Despite being hard to compare with the vast quantity in the Asia-Pacific region, the overall regasification capacity in Europe amounts to 179mtpa. There are currently 37 operating terminals, and more are to be built by the end of 2021 (currently in the EPC stage, or the planning stage FEED, FID). Considering Europe’s largest LNG receipts from Spain (45 MTPA) and UK (38MTPA) in addition to the ongoing construction of new import facilities, one can conclude that stringent transparency requirements are necessary. Introducing such measures before the Terminals Operators would support a more competitive, accessible, and fair market environment. Otherwise, commercial data on roughly 37% of the total EU send-out LNG capacity will continue to stay publicly unavailable.
Not much has been done recently to tackle the information opacity and complexity, which according to the Council of European Energy Regulators is ‘evident to be a potential barrier against new LNG Imports.’ In a way, to a lesser extent, there is an existing GLE Transparency template (GIE/GLE), implemented voluntarily against the LNG system operators. However, this concerns the generic Terminal characteristics rather than the commercial information, which is more vital for making informed decisions, such as regasification costs. That being said, a substantial share of information about the European regasification capacity remains a grey area. The UK receiving terminals are such an example.
To sum up, there seem to be three peculiarities that may raise caveats to the European LNG trade:
1.Lack of genuine level-playing field— A handful of Import Terminals (6 LNG Terminals) are under an exemption regime.
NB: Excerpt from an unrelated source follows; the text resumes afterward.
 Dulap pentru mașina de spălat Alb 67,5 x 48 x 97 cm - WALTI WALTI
In the matter of data accessibility this would mean that all the commercial information regarding Tariff and Fee structure is not disclosed, but strictly confidential (e.g., basic services such as Unloading, Storage, Regasification).
2.Lack of service standardization— Presently, there is a substantial tariff variation.
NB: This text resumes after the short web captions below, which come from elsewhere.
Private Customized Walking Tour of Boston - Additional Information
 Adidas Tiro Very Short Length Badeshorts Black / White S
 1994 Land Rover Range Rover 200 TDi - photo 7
3.Poor-quality information— All in all, the information published is not illuminating. On the contrary, it is rather incomplete and of questionable value regarding the usage of LNG Terminal services. In addition, there is a limited understandability since national legislation for some of the European LNG Terminals is rarely translated. In the end, all this will open doors to more inefficiency, confusion, prolonged time frame for commercial information gathering, leading inevitably to market distortion.
What role can RoITi play?
RoITi Ltd. as an organization aims at bringing answers to major questions in the energy sector, sparing no efforts in going after ‘the sweet spot’ of the synergistic relationship between Energy and Software. By solidifying the role of the software in energy, through adopting our proposed digital solutions, the LNG shipping companies are expected to benefit from these smart solutions.
RoITi ‘s concept focuses on the LNG Import Terminal Services, and more particularly on all the expenses incurred between the Berthing/Mooring process ending with the Injection process into the National grid system (e.g., tariff tables, fees, all fines, and penalty charges etc). That is to empower future software users to unify the energy management across the full spectrum of LNG import locations by giving them control over the tariff structure and the ability to optimize its deployment and management for the benefit of their organization.
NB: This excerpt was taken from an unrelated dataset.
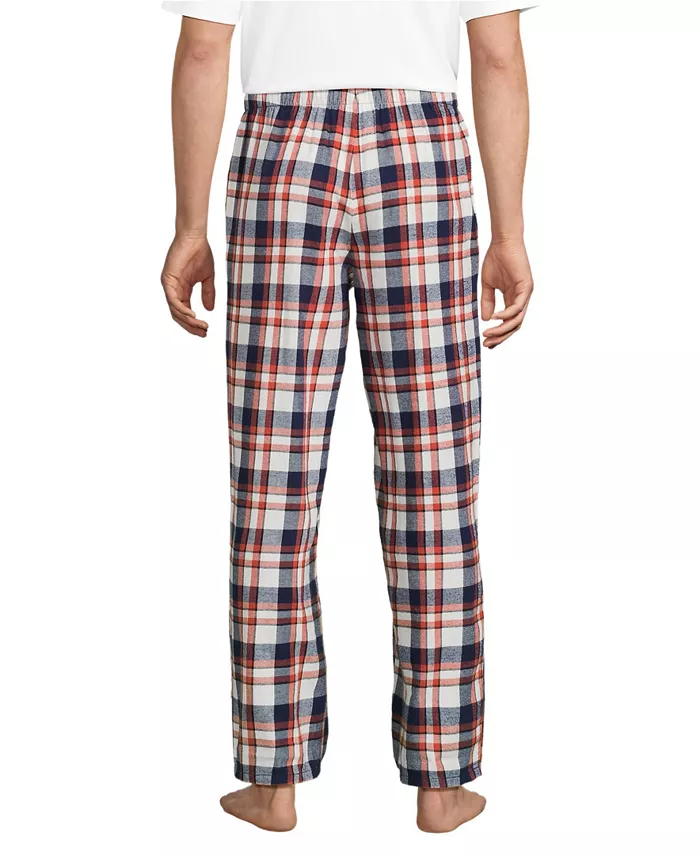 Men's Flannel Pajama Pants - thumbnail 9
We are working on a design of our proposed digital solution, (e.g., “multi-Terminal” Calculator). In our framework, users would have the right tool designed to facilitate the entire process of acquiring information in a more versatile way in terms of having a good grasp on the Tariff tables and fees for more than one Terminal. This will help the LNG shipper by obtaining the necessary information at the right time with minimum effort.